“Certi traguardi non sono eterni. La libertà di pensiero può sempre essere rimessa in discussione, dovunque e comunque”
Negli anni della Guerra fredda in Svizzera la polizia federale ha iniziato a sorvegliare quei cittadini che non erano ritenuti “allineati”, “veri” svizzeri.
Nel mirino delle spie sono finiti studenti, manifestanti, anticonformisti, la maggior parte dei quali non aveva e non avrebbe mai fatto nulla contro la propria patria.

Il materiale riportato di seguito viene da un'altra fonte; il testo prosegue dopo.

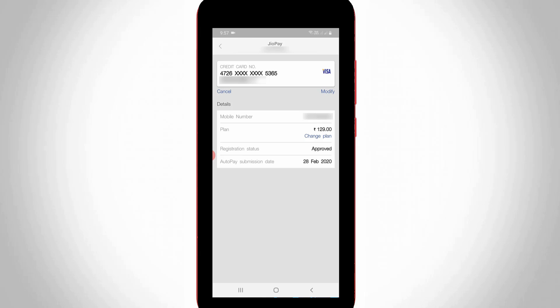So at the top it shows the same credit card details, and below it shows my mobile number and plan name. But in this section you can simply press the cancel option, and it is highlighted as a blue color link.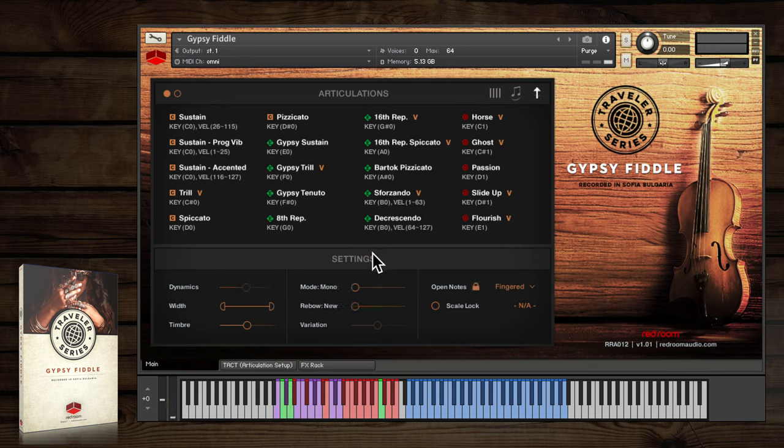Let's look at the settings panel. Some controls are self-explanatory, but others have unique options and help to make this fiddle sound very realistic.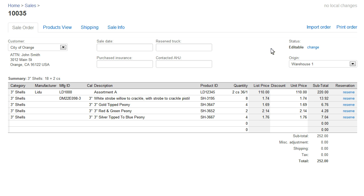This order is ready to go. At this point, I can work with it like any other order in Finale. I can reserve, ship, and do all the stuff you would normally do. Thank you for taking a minute to look at the import order procedures for Finale Inventory.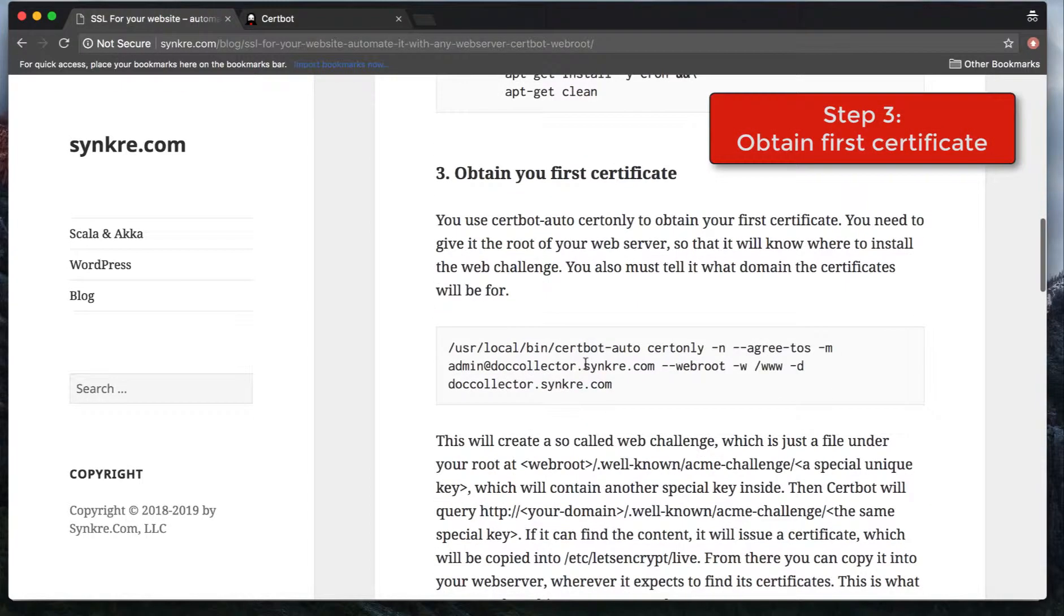Step three, obtain your first certificate. The first certificate will not be automated in the sense that you will actually have to issue the command and hit enter. You have to log into your container and issue this command that I show here. You can copy and paste the command literally. It's very simple to do.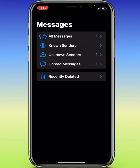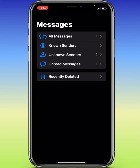Then as you see, you will see these five options when you swipe the screen from left to right: All Messages, Known Senders, Unknown Senders, Unread Messages. But for the sake of this video, we are focusing on Recently Deleted.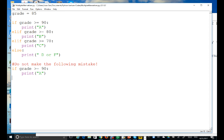Now let's see the mistake a lot of people make using separate if statements. If grade is greater than or equal to 90, print A. Then instead of elif, they use another if statement: if grade is greater than or equal to 80, print B. Then another if statement: if grade is greater than or equal to 70, print C.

Uno di questi è M.F., così si cita l’autore, testimone in prima persona di cosa potesse significare finire nel mirino della polizia politica in quegli anni. In un diario scritto poco dopo, M.F. traccia gli avvenimenti che lo hanno portato a scoprire di essere schedato, una vicenda a tratti kafkiana che gli cambierà la vita, sul piano lavorativo e personale.
Un altro diario compone però questa ricostruzione, quello redatto dagli “spioni”, dai poliziotti incaricati di seguire e riferire gli incontri e le abitudini di un qualsiasi giovane con simpatie di sinistra.

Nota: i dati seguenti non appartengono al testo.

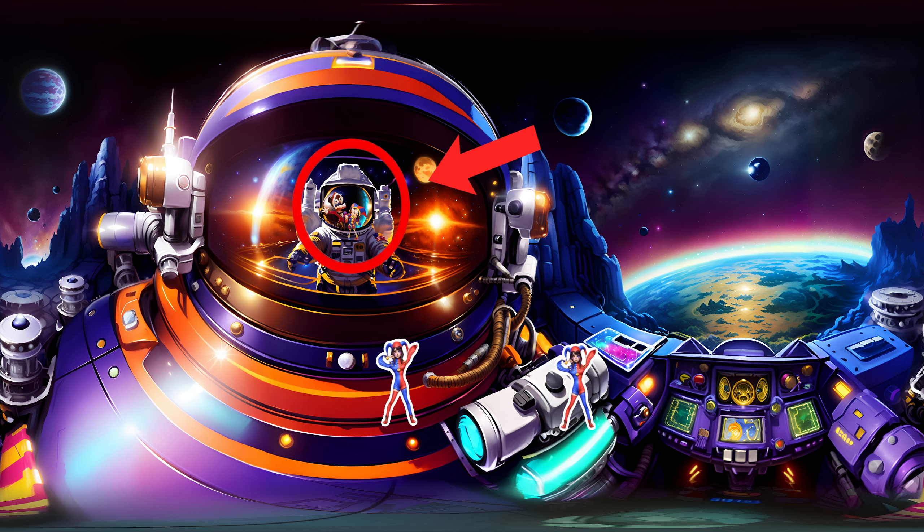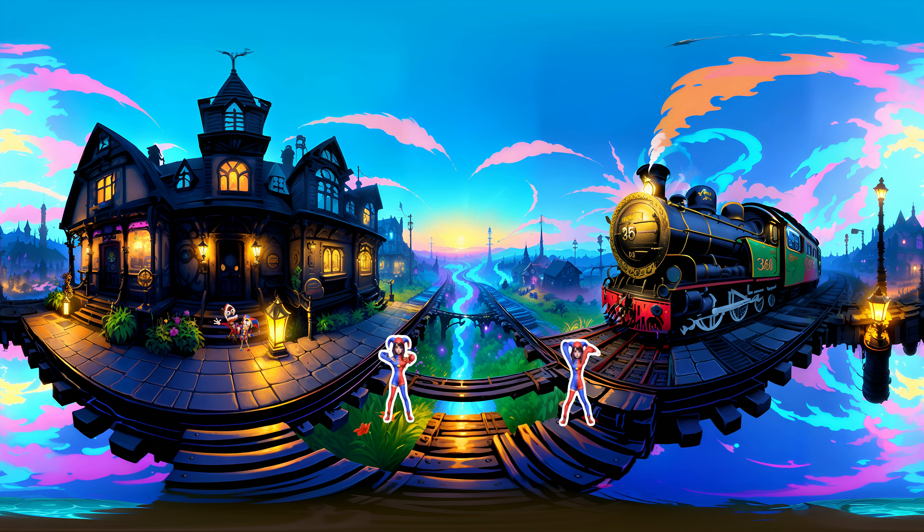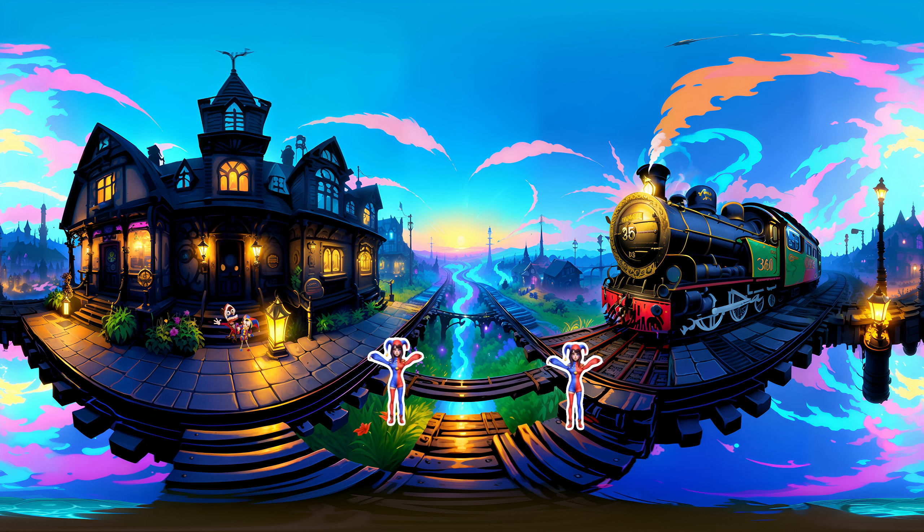Round 6. I found a very nice place. I hid from you. Find me.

Un diario “terzo” che l’autore si è trovato tra le mani dopo lo scandalo delle schedature emerso negli anni Novanta, quando le persone finite sotto il mirino di questi moderni inquisitori hanno avuto accesso alle loro schede.
La storia di M.F. è esemplare di un periodo in cui il conformismo era un valore assoluto e la diversità era vista con sospetto. Un periodo che pareva essere terminato, ma è davvero così?
“La libertà di pensiero può sempre essere rimessa in discussione dovunque e comunque”, conclude l’autore, ricordando che certi traguardi non sono eterni.
Marco Fantuzzi, "Diario d’aldiquà CH 1976", Armando Dadò Editore - 22 Fr.